■ **Directions**: Without changing a character, return the entries, but not the images they hold.

*** Dataset content Section Begins ***

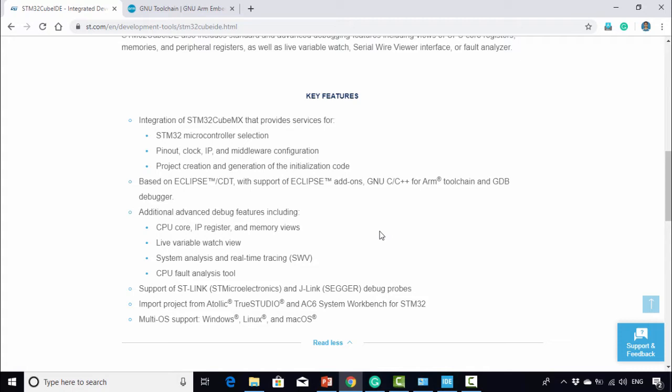The very important thing is it supports all OS platforms. Why? Because it is based on Eclipse, which provides multi-OS support. That's good news.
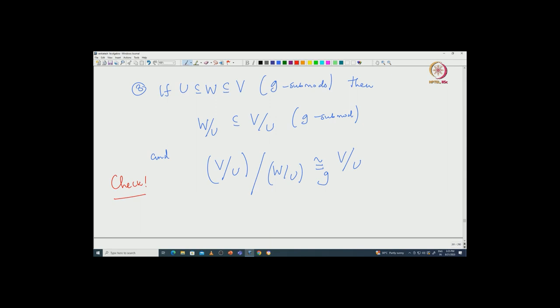With this we have the fundamental theorem of isomorphisms for modules. I will stop here and continue with Schur's lemma and some consequences of Schur's lemma in the next class. Thank you.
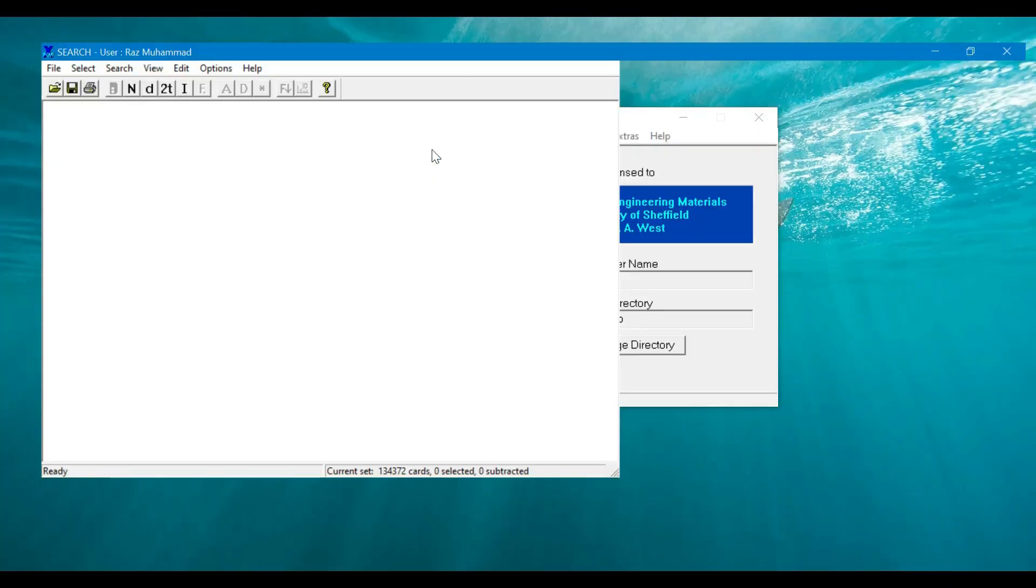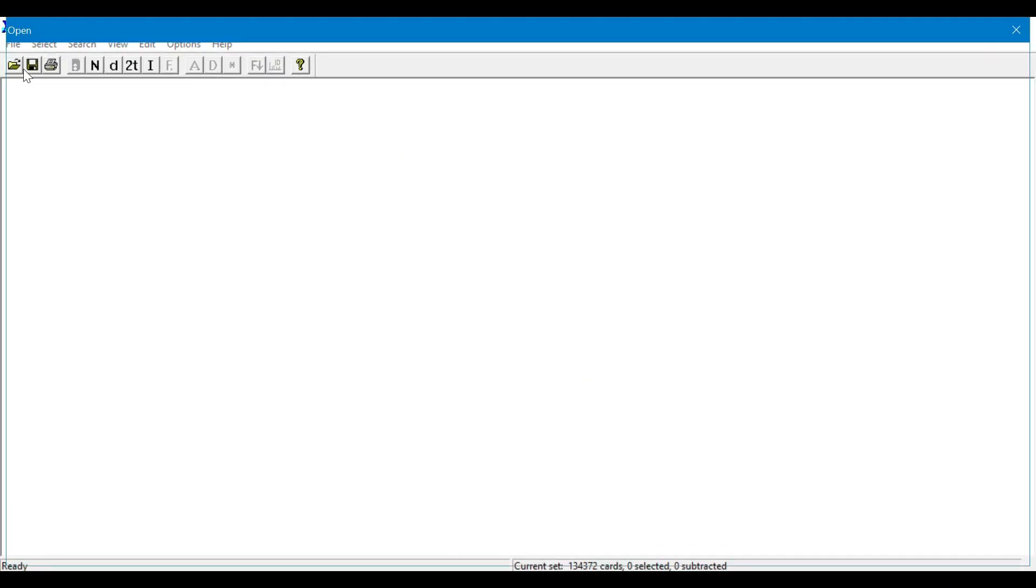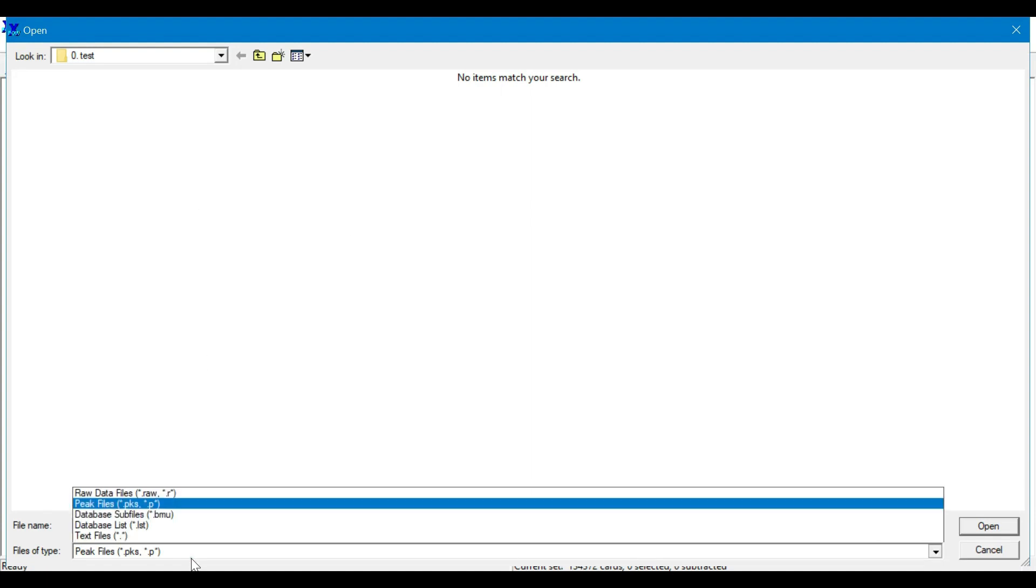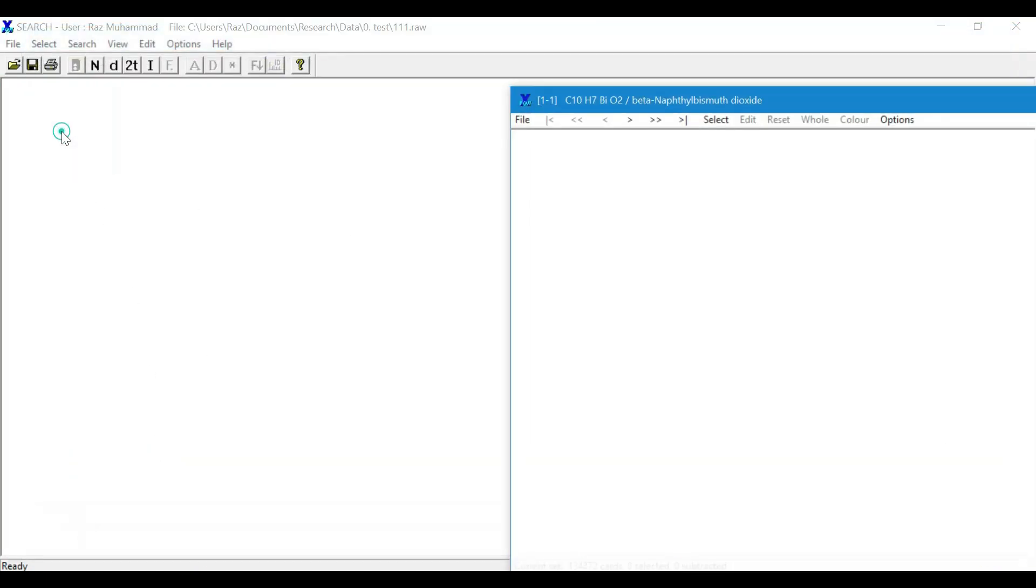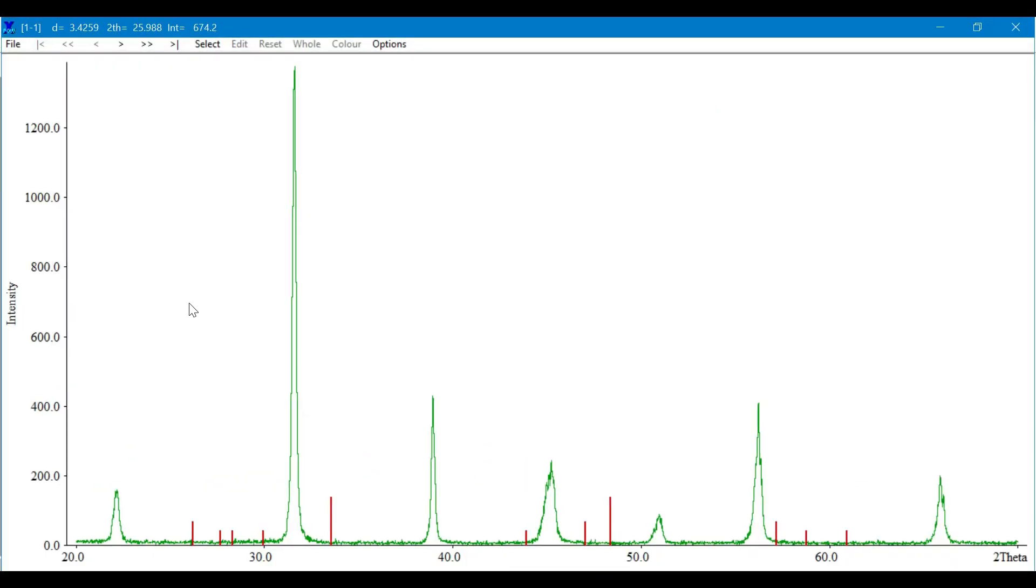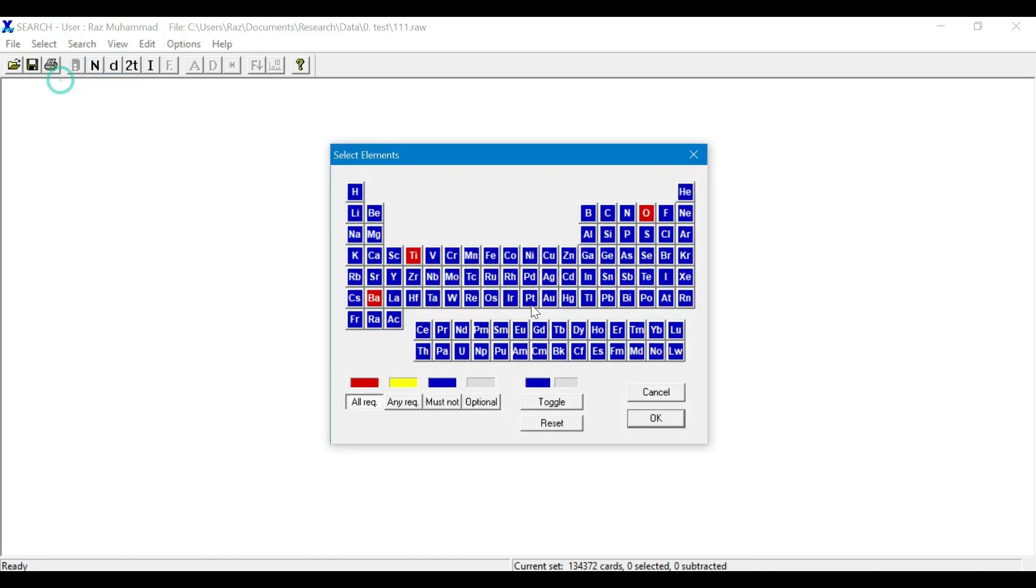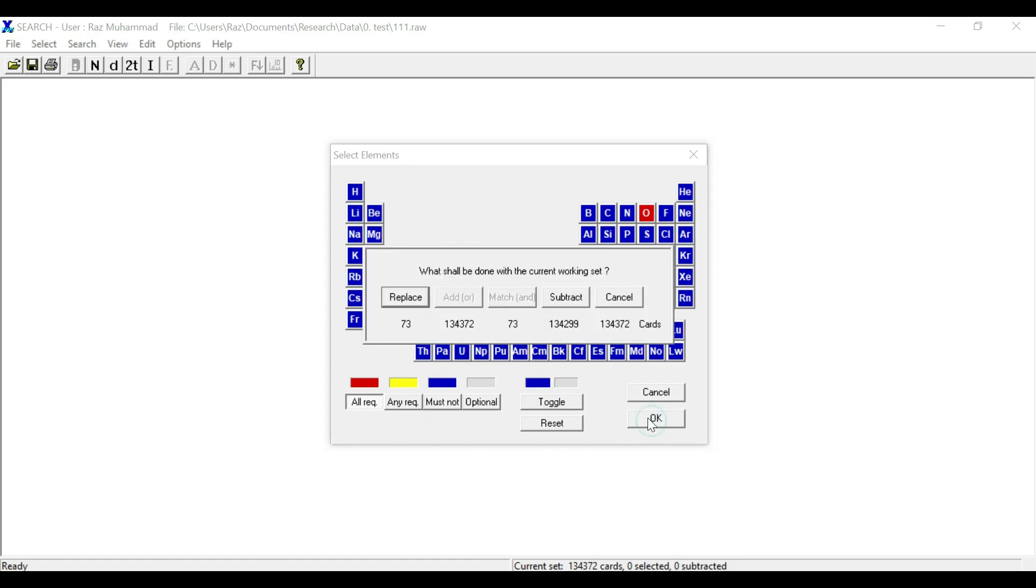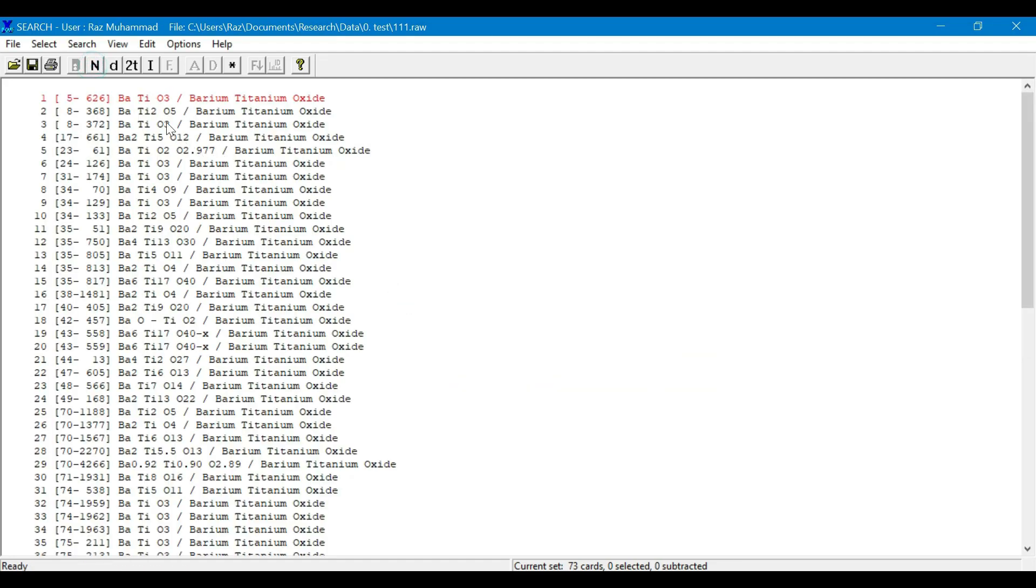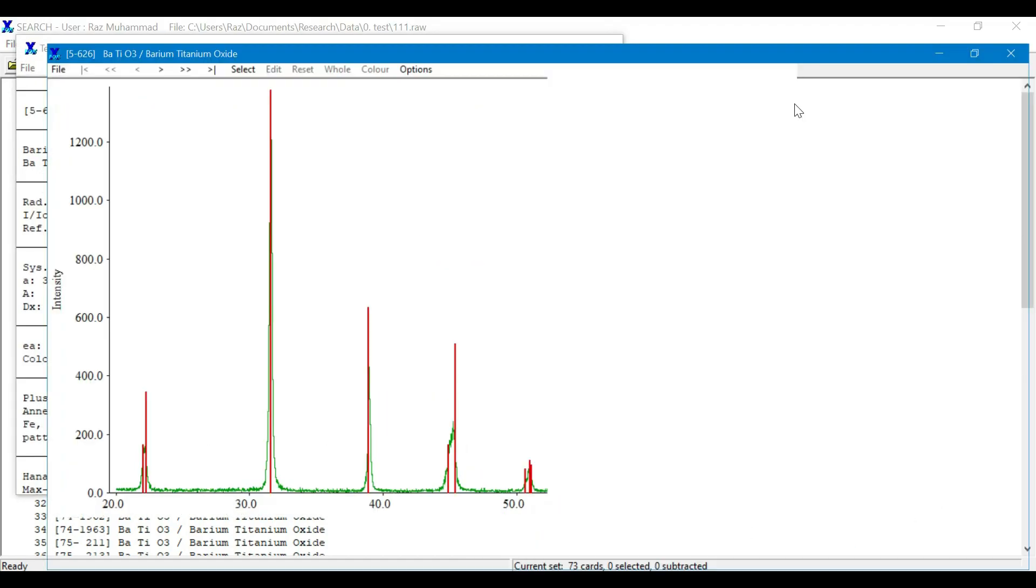Then go to select elements, and here you will choose different elements which are the constituents of your phase. Exclude other atoms, and here all the different combinations of these constituents will be listed, and you have to choose the correct one and compare with your XRD pattern.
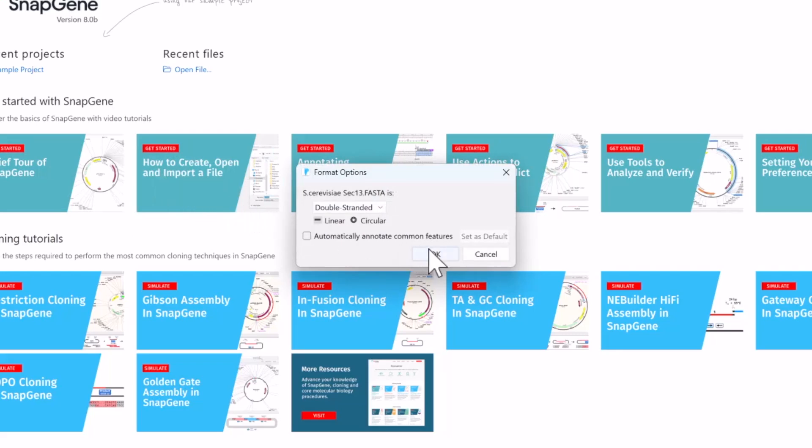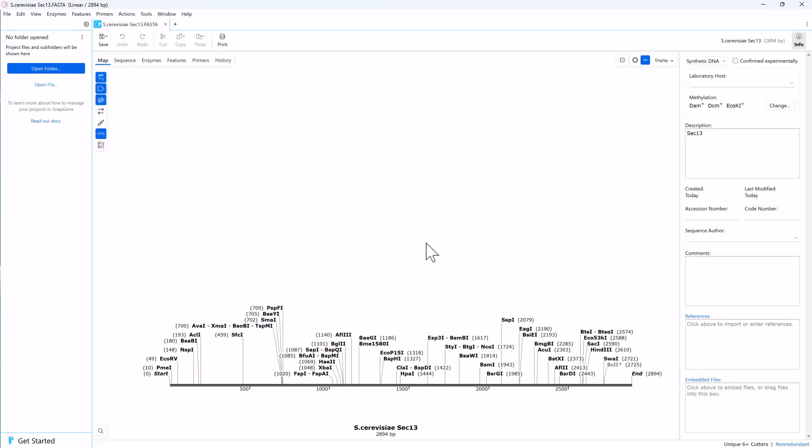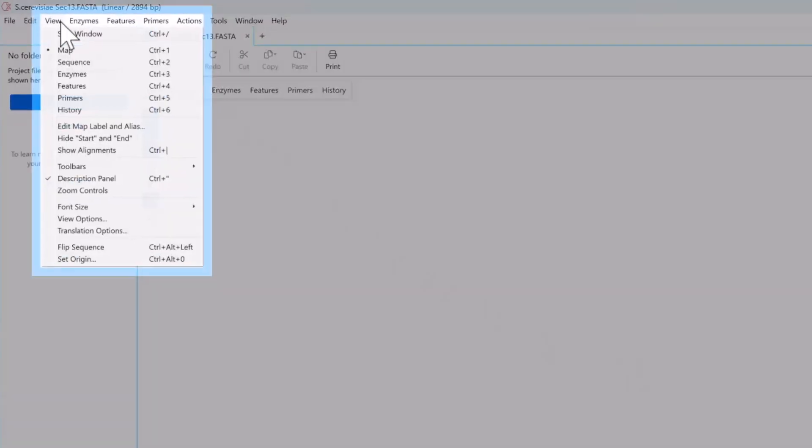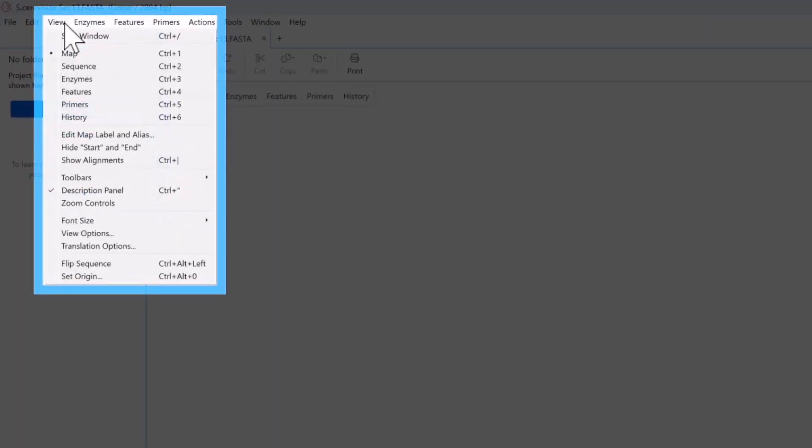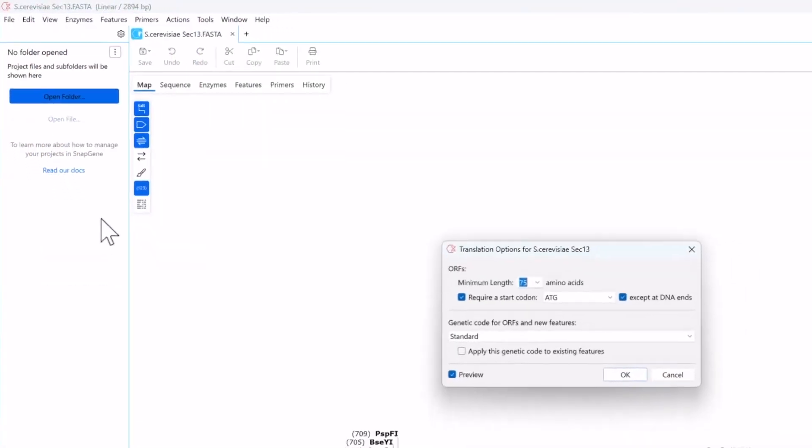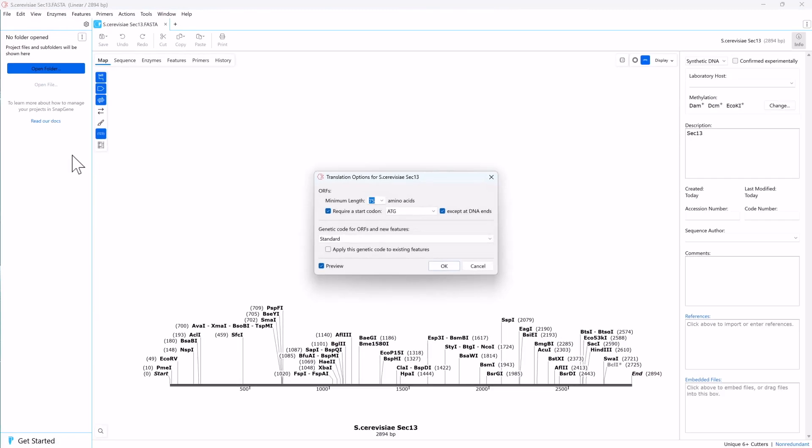To view and modify the parameters for open reading frame prediction in any SnapGene DNA file, click View and Translation Options. Saccharomyces uses the standard genetic code and is around 300 amino acids long, so the default settings should find the sec13 gene.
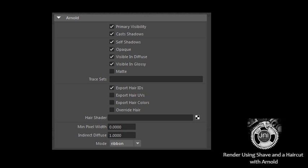Override Hair: This attribute indicates whether you wish to override the default hair shading with your own shader, which you need to specify via the hair shader attribute.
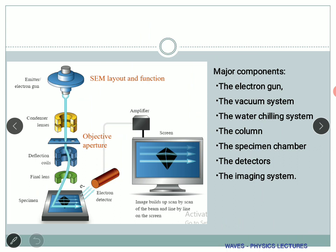Now we will shift totally into the scanning electron microscope and stop the comparison. This is the basic layout. When asked to draw in your exams, you just need to make a block diagram of what comes after the other — you don't need a 3D diagram. We have the electron gun, which is called the electron emitter gun.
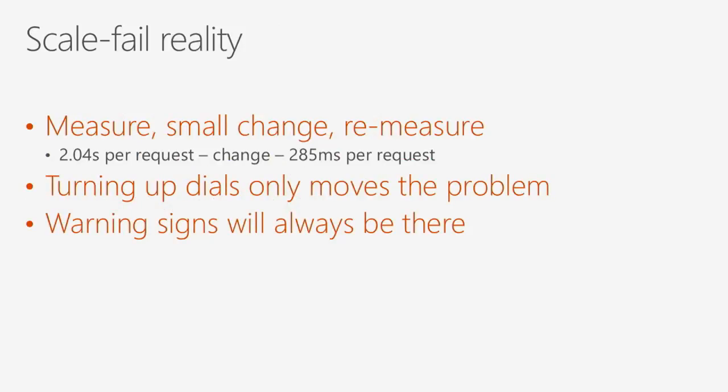Good example. We measured a problem. We were getting 2.04 seconds per API request, right? It was crap. It's a really bad feeling when you've got customers out there, and you know it's two seconds before the API goes, hey, here you go. We made a change, actually it was a few changes, and that dropped to 285 milliseconds. And right now it hovers around 200-odd milliseconds for our response.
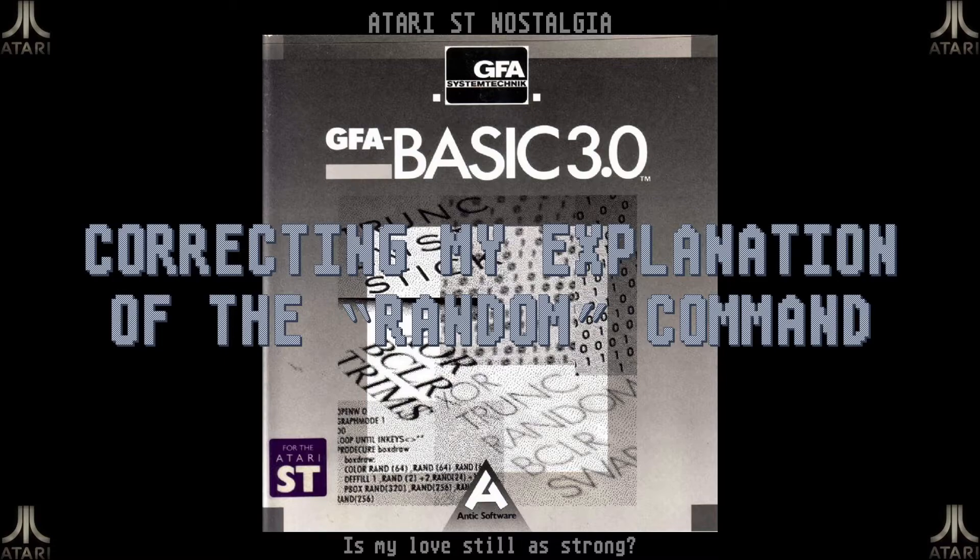So I can show you what I mean and then I will show you the correct way of using the command. So let's go into the editor.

*** Dataset content Section Ends ***

■ **Answer to this task**:
The very important thing is it supports all OS platforms. Why? Because it is based on Eclipse, which provides multi-OS support. That's good news.
With this we have the fundamental theorem of isomorphisms for modules. I will stop here and continue with Schur's lemma and some consequences of Schur's lemma in the next class. Thank you.
Then go to select elements, and here you will choose different elements which are the constituents of your phase. Exclude other atoms, and here all the different combinations of these constituents will be listed, and you have to choose the correct one and compare with your XRD pattern.
To view and modify the parameters for open reading frame prediction in any SnapGene DNA file, click View and Translation Options. Saccharomyces uses the standard genetic code and is around 300 amino acids long, so the default settings should find the sec13 gene.
Override Hair: This attribute indicates whether you wish to override the default hair shading with your own shader, which you need to specify via the hair shader attribute.
Now we will shift totally into the scanning electron microscope and stop the comparison. This is the basic layout. When asked to draw in your exams, you just need to make a block diagram of what comes after the other — you don't need a 3D diagram. We have the electron gun, which is called the electron emitter gun.
Good example. We measured a problem. We were getting 2.04 seconds per API request, right? It was crap. It's a really bad feeling when you've got customers out there, and you know it's two seconds before the API goes, hey, here you go. We made a change, actually it was a few changes, and that dropped to 285 milliseconds. And right now it hovers around 200-odd milliseconds for our response.
So I can show you what I mean and then I will show you the correct way of using the command. So let's go into the editor.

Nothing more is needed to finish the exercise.